Thursday Dec 12, 2024
Wednesday, 19 August 2015 00:47 - - {{hitsCtrl.values.hits}}
Reuters: The rupee ended steady on Tuesday amid importer dollar demand as a State-run bank defended the local currency from declining, while dealers said they expected the Central Bank to let the market determine the exchange rate after Parliamentary polls this week end eight months of political instability.
Former President Mahinda Rajapaksa’s attempt to stage a comeback in the nation’s general election has ended in defeat as election results on Tuesday showed the alliance that toppled him making decisive gains.
The ruling United National Party was likely to fall just short of an outright majority but Prime Minister Ranil Wickremesinghe should still command enough support to form a stable government. The rupee ended steady at 134.00 per dollar, as one of the two State-run banks, through which the Central Bank usually directs the market, sold dollars at a flat rate of 134.00.

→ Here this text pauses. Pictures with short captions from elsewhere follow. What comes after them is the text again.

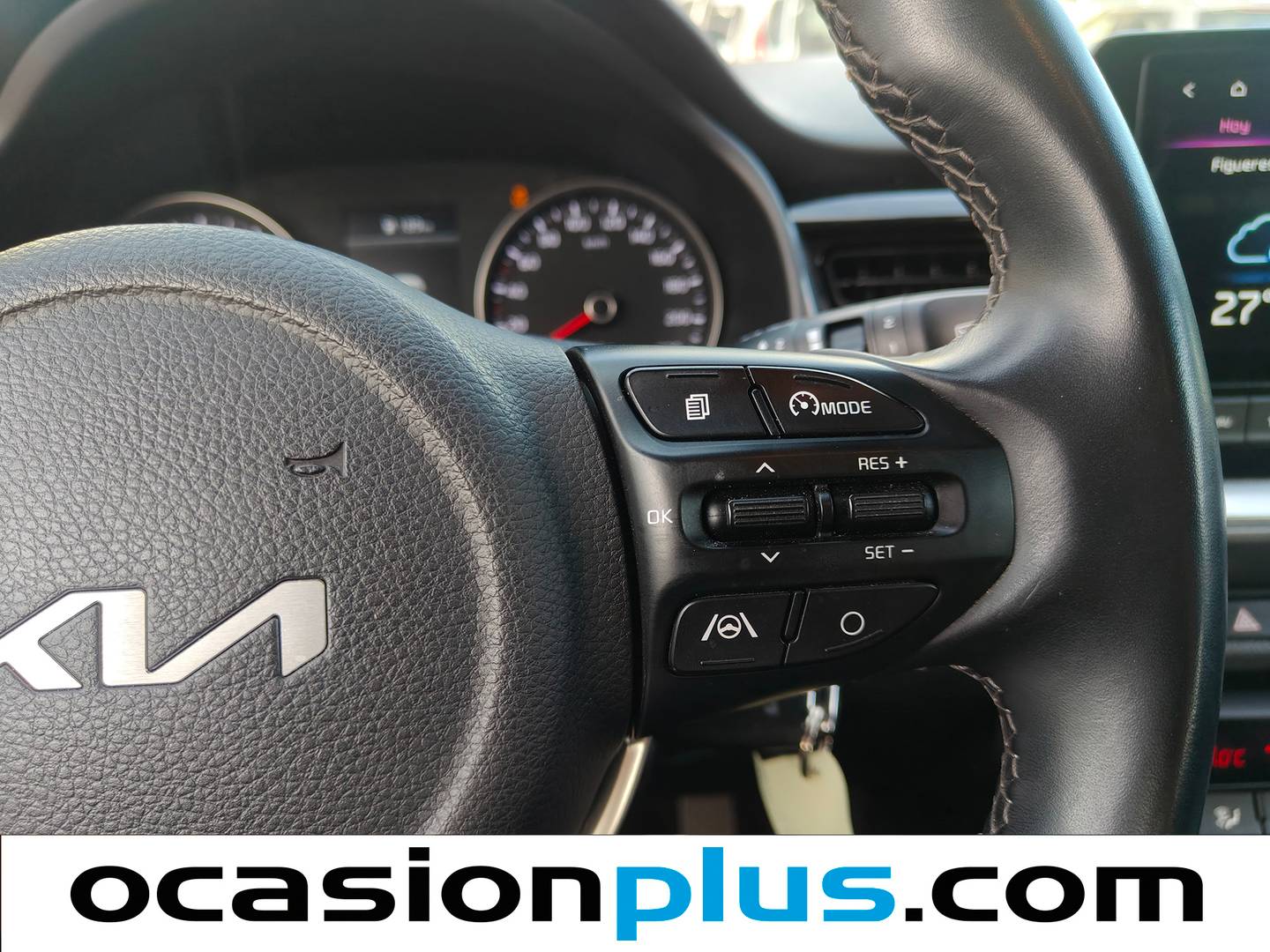 KIA Stonic KIA Stonic 1.2 DPi Drive (84 CV) gasolina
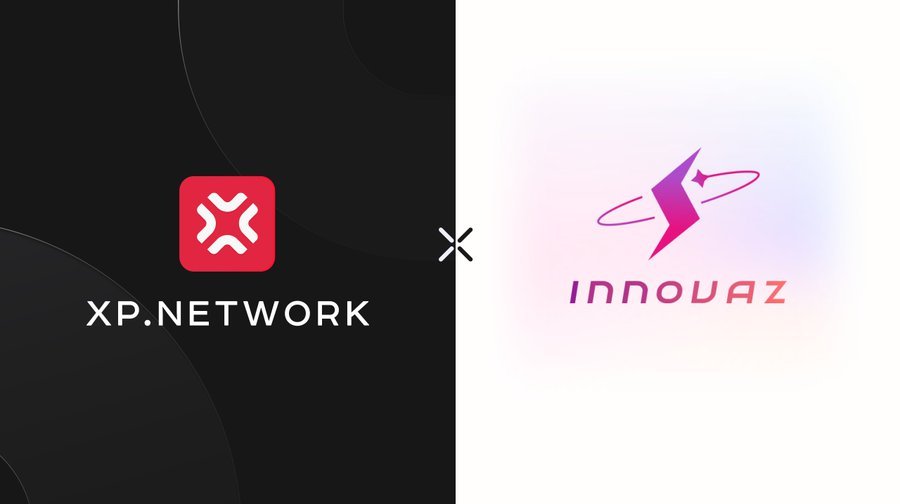 🌀 @xpnetwork_ has announced their latest collaboration with @Innovaz_io 

🌀 #Innovaz empowers creators, brands, and entrepreneurs to launch their own tailored NFT marketplaces with the fastest and easiest procedure without a penny.

🔽VISIT
innovaz.io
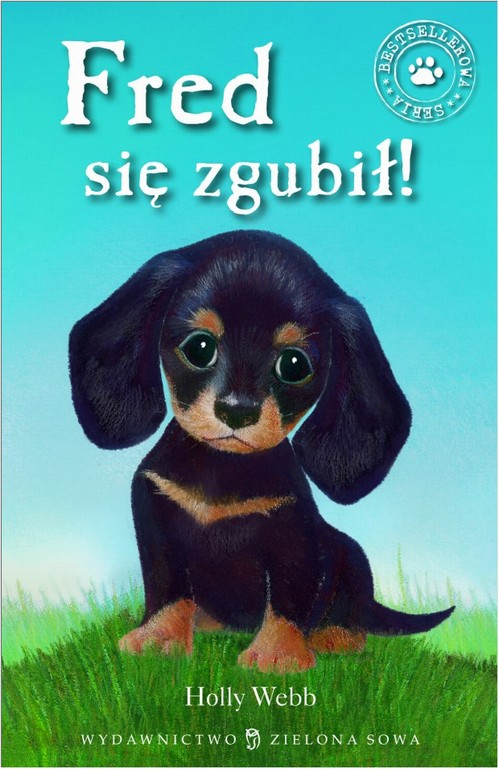Fred się zgubił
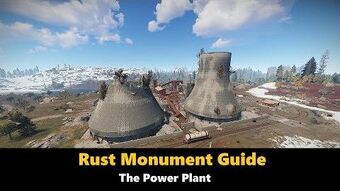 Power | Rust Wiki | Fandom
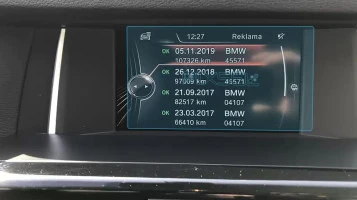 Zaščitno steklo Pixsel za monitor BMW X3 - 6.5“ 2010 - 2014 (F25)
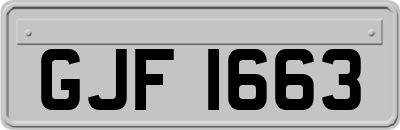 GJF1663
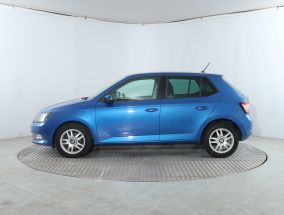 Skoda Fabia - 2015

“There was importer demand and the exporters are reluctant to sell (dollars),” said a currency dealer, asking not to be named. On Monday, the currency fell for a third session in four, as the State-run bank raised the currency’s peg against the dollar by 10 cents to allow the exchange rate to depreciate to 134.00, dealers said.
They expect the Central Bank, which has so far this year directed the market through the State-run bank, to let the currency remain weaker after Monday’s Parliament elections due to importer dollar demand and global trend.
Analysts said the rupee may fall to 137 levels in the short term if the Central Bank allows it to depreciate, in line with the weakening seen in other global currencies against the dollar.
Dealers said there was heavy importer dollar demand with some booking forwards. Exporters held onto dollars, expecting the rupee to depreciate further, they added.
Central Bank officials were not immediately available for comment.
The currency has fallen 0.37% since 5 August as the State-owned bank raised the currency’s peg against the dollar by 50 cents on four occasions, allowing the exchange rate to fall.